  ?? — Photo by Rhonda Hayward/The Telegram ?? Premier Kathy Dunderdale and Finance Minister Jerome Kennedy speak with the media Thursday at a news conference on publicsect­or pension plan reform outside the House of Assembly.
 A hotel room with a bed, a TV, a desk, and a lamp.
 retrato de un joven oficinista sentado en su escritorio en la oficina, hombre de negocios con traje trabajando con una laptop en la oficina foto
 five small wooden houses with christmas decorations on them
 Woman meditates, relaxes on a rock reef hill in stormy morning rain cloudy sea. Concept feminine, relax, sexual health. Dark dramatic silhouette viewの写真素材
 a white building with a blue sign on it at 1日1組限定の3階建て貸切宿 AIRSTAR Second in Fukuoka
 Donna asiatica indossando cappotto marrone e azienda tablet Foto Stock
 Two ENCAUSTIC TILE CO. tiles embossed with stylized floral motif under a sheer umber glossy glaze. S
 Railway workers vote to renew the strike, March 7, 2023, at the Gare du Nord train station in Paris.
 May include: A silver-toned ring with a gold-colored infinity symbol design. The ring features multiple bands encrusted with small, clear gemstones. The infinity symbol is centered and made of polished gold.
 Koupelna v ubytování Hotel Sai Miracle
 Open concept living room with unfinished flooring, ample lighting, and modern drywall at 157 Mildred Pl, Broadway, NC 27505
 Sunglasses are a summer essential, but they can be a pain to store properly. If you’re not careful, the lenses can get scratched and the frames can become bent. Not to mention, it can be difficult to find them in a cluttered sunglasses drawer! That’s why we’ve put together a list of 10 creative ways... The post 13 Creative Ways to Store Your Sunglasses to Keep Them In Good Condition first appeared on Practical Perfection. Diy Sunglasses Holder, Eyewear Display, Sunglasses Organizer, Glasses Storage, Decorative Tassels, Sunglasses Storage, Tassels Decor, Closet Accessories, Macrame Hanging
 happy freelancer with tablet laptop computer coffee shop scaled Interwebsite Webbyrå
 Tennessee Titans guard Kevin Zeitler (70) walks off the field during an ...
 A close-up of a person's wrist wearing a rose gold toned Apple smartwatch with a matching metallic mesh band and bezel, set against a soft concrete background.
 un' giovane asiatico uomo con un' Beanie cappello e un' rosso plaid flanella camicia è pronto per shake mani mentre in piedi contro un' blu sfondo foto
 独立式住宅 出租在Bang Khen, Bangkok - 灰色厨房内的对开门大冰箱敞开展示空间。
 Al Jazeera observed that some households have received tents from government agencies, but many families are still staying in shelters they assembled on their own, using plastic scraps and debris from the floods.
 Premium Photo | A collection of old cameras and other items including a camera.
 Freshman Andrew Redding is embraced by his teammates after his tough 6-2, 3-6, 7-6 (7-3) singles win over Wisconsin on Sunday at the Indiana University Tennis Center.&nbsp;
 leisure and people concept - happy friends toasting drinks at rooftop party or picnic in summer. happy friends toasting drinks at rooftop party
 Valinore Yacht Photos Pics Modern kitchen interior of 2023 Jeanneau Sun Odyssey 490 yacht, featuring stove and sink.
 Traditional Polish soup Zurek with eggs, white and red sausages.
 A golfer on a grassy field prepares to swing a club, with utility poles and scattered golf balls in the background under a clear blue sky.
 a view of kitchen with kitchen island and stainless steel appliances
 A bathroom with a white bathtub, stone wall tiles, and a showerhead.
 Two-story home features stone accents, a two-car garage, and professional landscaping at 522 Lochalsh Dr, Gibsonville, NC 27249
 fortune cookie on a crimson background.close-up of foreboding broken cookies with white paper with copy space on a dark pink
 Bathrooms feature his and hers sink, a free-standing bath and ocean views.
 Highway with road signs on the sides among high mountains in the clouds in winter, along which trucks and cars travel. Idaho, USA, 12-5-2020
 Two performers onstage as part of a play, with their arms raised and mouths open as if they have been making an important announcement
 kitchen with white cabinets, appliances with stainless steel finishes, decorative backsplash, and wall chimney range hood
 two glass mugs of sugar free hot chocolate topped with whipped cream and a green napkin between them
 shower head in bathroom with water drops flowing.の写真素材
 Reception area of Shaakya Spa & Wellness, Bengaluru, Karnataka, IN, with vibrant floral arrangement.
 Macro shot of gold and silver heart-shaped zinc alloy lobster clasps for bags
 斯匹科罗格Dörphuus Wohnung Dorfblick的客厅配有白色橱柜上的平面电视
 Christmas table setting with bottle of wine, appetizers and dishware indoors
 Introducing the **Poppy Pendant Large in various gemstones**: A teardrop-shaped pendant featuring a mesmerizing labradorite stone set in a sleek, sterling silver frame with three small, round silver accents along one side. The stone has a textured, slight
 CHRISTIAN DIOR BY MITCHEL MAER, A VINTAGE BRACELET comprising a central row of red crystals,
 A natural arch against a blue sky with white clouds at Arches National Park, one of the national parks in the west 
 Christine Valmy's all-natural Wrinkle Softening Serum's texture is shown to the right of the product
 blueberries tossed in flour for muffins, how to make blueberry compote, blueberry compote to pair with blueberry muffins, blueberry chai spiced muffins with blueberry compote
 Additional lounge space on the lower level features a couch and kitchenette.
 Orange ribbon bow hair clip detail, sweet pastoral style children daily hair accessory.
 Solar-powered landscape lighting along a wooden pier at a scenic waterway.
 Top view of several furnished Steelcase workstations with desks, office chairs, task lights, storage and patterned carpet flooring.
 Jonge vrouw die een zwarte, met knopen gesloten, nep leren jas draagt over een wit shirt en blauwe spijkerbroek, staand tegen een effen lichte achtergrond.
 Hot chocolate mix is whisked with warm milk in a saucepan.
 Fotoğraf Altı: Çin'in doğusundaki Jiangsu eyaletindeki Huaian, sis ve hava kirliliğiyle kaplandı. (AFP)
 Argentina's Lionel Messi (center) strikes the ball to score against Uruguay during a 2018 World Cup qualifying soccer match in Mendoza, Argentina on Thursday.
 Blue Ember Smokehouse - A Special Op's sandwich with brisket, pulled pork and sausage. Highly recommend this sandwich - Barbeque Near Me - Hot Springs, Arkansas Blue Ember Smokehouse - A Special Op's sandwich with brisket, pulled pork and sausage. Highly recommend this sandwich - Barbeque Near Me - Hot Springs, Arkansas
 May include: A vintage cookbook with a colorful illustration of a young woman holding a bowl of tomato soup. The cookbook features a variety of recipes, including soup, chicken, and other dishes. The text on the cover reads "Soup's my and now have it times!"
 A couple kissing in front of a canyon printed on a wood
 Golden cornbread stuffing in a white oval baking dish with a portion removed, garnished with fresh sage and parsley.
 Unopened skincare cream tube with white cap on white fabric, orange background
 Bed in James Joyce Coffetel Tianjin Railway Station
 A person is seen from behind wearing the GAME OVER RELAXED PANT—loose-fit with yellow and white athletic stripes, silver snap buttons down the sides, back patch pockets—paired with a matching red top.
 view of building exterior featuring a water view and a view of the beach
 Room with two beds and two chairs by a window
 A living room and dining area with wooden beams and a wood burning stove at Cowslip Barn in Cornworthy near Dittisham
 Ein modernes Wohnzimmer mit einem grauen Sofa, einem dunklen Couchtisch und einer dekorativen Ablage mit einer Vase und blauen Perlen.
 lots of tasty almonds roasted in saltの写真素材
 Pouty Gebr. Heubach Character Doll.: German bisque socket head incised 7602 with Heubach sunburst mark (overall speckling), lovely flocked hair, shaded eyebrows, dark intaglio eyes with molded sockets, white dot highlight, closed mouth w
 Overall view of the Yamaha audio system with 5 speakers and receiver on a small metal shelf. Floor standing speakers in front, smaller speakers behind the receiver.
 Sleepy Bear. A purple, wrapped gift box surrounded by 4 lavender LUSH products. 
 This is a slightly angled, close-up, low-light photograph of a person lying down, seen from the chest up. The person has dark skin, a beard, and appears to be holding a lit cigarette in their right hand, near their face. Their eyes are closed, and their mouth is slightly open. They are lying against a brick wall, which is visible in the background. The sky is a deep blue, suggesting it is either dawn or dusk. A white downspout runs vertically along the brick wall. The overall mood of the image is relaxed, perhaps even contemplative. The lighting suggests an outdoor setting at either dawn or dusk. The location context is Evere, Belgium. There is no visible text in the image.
____________________
*Exercise requirements*
Wherever the string "tiles" appears in a line of the records, copy that line.

*Answer area*
 Two ENCAUSTIC TILE CO. tiles embossed with stylized floral motif under a sheer umber glossy glaze. S
 A bathroom with a white bathtub, stone wall tiles, and a showerhead.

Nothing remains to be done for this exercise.